Harry chuckled. "Sorry, kid. You're a bit young."

"I'm five!" Cedric said, his smile slipping into a disappointed frown.

"When you're ten, I promise," Harry said. "Now go on, before your aunt or mum see us."

"And just where do you think you're slipping off to?"

"Or dear old Uncle Ron," Draco mumbled under his breath.

"Don't you mutter at me, Malfoy," Ron said sharply. "Are you trying to get Harry drunk?"

"Please, Ronald, think of the children!" Draco said, in an uncanny impersonation of Hermione, covering Cedric's ears. Harry bit down hard on his lip to keep from laughing outright at the look of indignation on Ron's face.

"Shut up, you great bastard!" he retorted. Harry was glad that Draco was still covering Cedric's ears. "Are you going off to get sloshed?"

"Possibly," Harry jumped in, before Draco could start again.

"And I wasn't invited?" Ron demanded, looking hurt.

"Oh, is that all?" Draco said, letting go of Cedric, who had been squirming for freedom. "Thought you were off to tell the women folk I was abducting Harry. Sure, Weasel, come on down!"

"Don't start, Ferret," Ron muttered, following Harry's slow progress down the stairs.

Ginny shook her head as Cedric reappeared by the now-empty chair, without either of his uncles or his father and took off across the yard to join Hayden, who was trying out his new training broom not far from the swing clearing.

"They're bloody well going to get sloshed," she said to no one in particular.

"Sloshed?" one of her other nephews asked, tilting his extremely red head on one side.

"Never you mind, Ian," Ginny said firmly. She turned to look at him. "Why is it you're standing around with the grownups? Why don't you go try Hayden's new broom?"

"Dunno," he said, looking mildly puzzled.

Ginny took a good look at him, suddenly suspicious. "Dorian, are you feeling well?"

"Actually, I feel a bit peculiar," the five-year-old admitted, blinking up at her.

"Merlin, he said 'peculiar'," Ginny said blankly to herself. She knelt down beside him and felt his face. "How do you feel, darling?"

"A bit wobbly," Dorian said conversationally. Well, he didn't sound drunk, but neither did his father until he was nearly blind with alcohol.

"What have you been drinking?" Ginny demanded gently.

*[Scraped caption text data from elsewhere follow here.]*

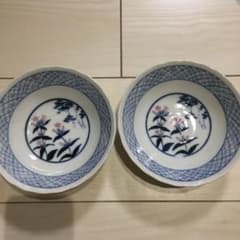 たち吉　皿のサムネイル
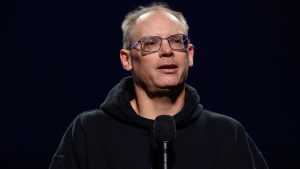 Тим Суини: «Никто не получит абсолютную монополию в играх» — о будущем Unreal Engine, ИИ и объединении с Valve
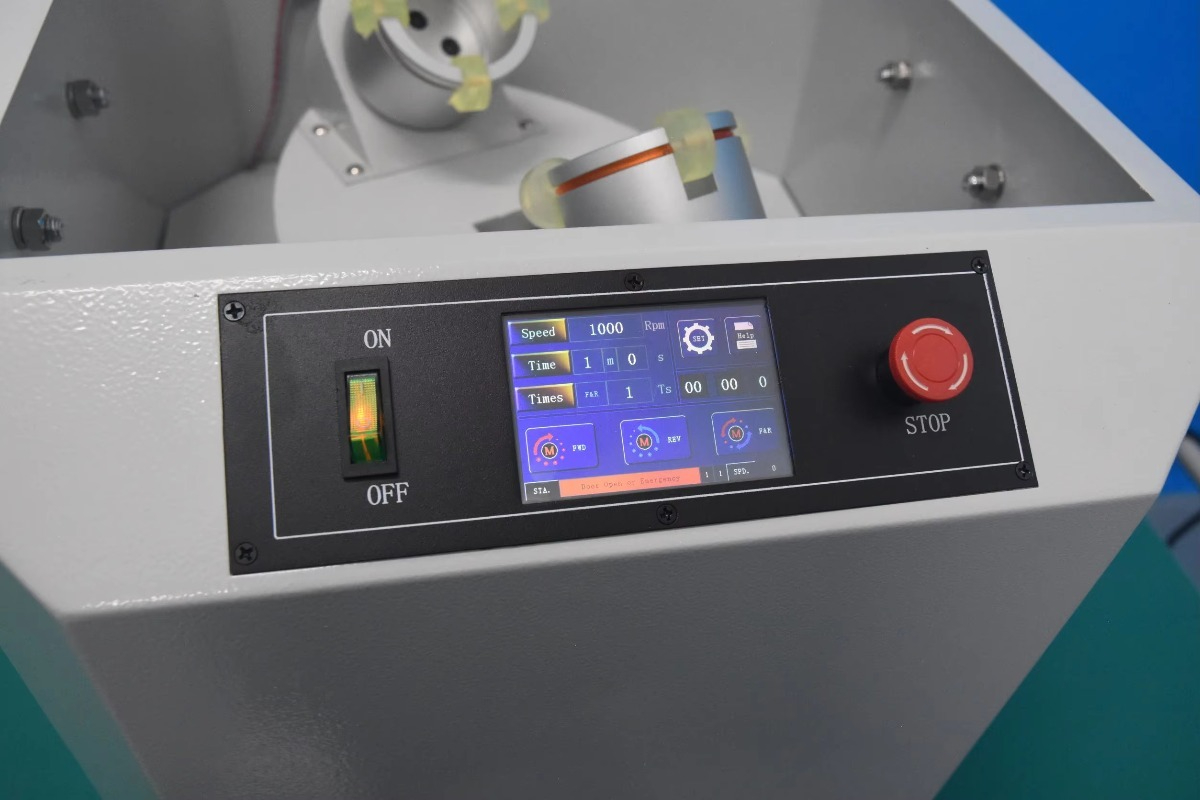 Automatic Solder Paste Mixing  - Blender ulasan dan harga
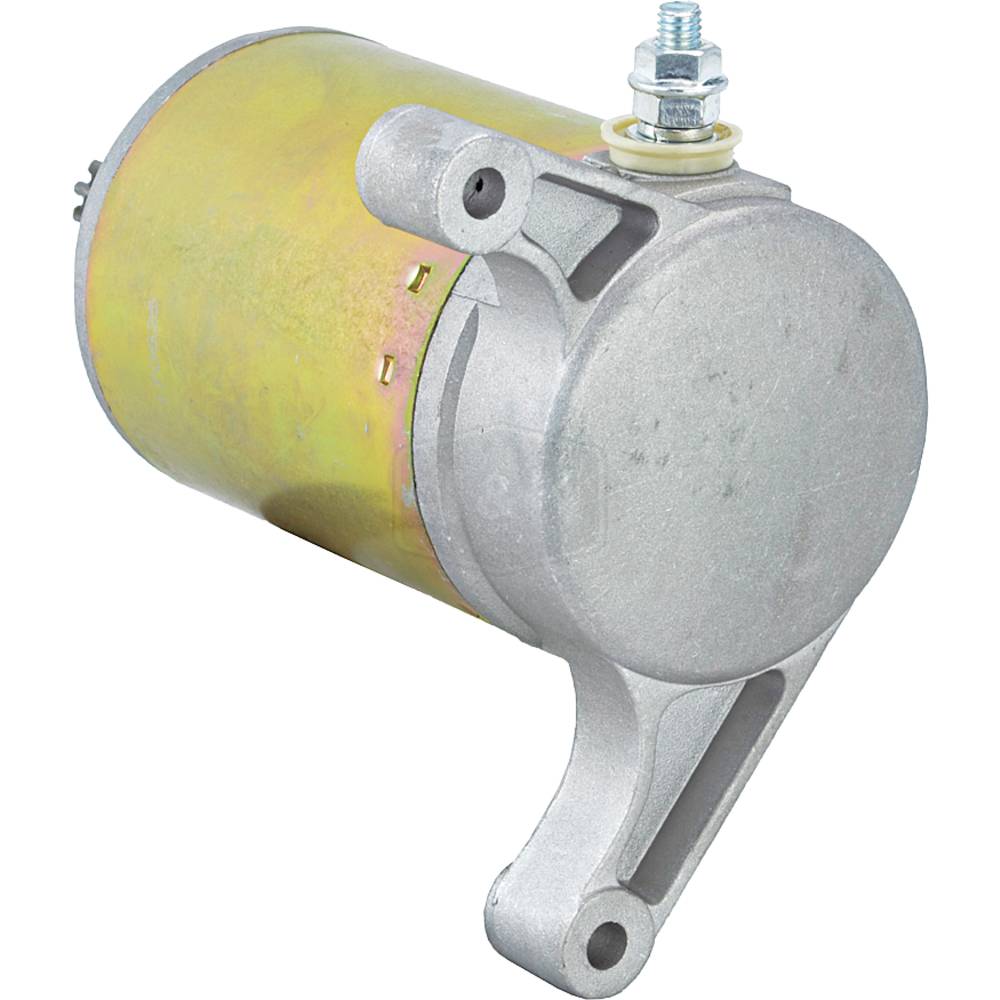 410-54283-JN J&N Electrical Products Starter
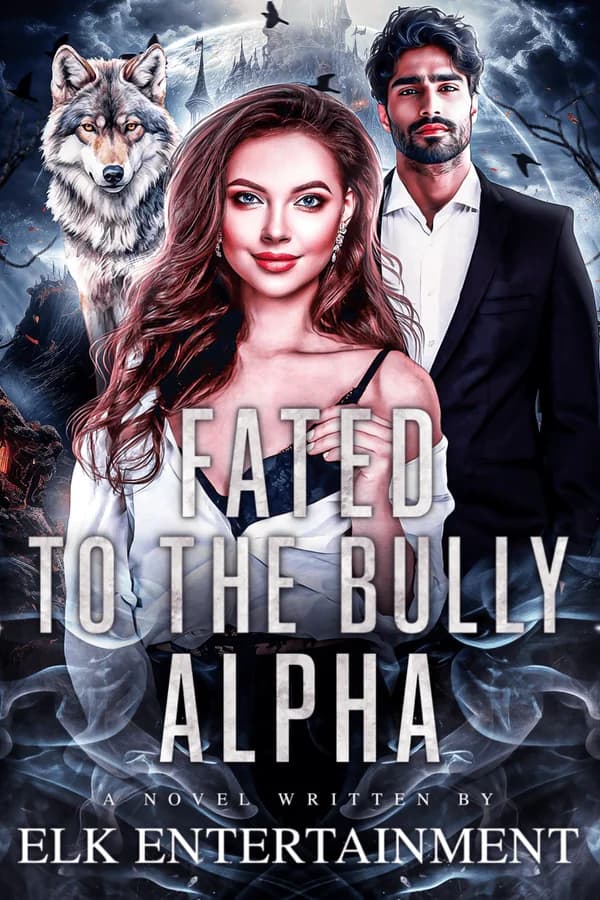 Fated to the Bully Alpha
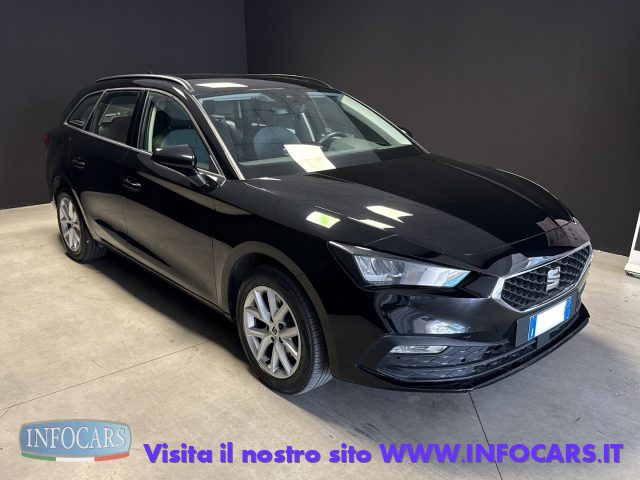 SEAT Leon usata, con ABS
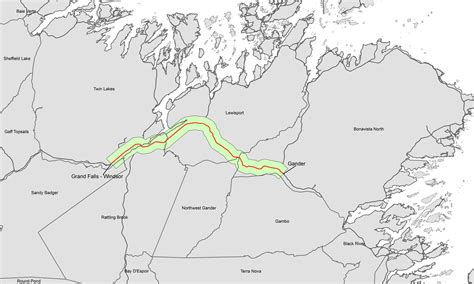 Moose Reduction Zones - 2020-21 Hunting and Trapping Guide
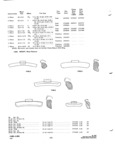 Previous Page - Parts and Accessories Catalog 31 January 1964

"Well, I had some of that yummy punch over there," he said, waving vaguely at the large, silver tureen filled with amber liquid. "And then Uncle Draco saw me and told me to run along and not tell you I'd had it." Dorian frowned, looking first at the punch and then at his aunt. "Oops."

"Your uncle is going to be very sorry indeed when I see him next," Ginny murmured, more to herself than to her nephew. "Now come along," she said more loudly, steering him to Harry's vacated porch chair and sitting him firmly down. "You stay right here while I mix a quick little potion, all right, lovey?"

"That sounds reasonable," Dorian said, after a moment's heavy thought.

"Good lord," Ginny muttered, hurrying away into the house.

"Ian! Ian, what're you doing?"

Cedric came hurrying toward him, looking – well, Dorian supposed he looked confused. Dorian didn't see why. He also didn't see why his cousin was weaving about in that bizarre way. Why couldn't he walk properly?

"Oh, good joke, there you are!" Hayden said, bobbing beside them with his racing broom clutched protectively. "Come on, we're going to have a go in the big field."

"Aunt Gin said to stay right here, because she is unsure about my physical and mental condition," Dorian told them, wrinkling his brow.

"The what and the who?" Hayden said. "Ian, are you all right?"

"I think not," Dorian said slowly, hiccupping so abruptly that he jumped in surprise. His stomach had just done a most unpleasant flip-flop.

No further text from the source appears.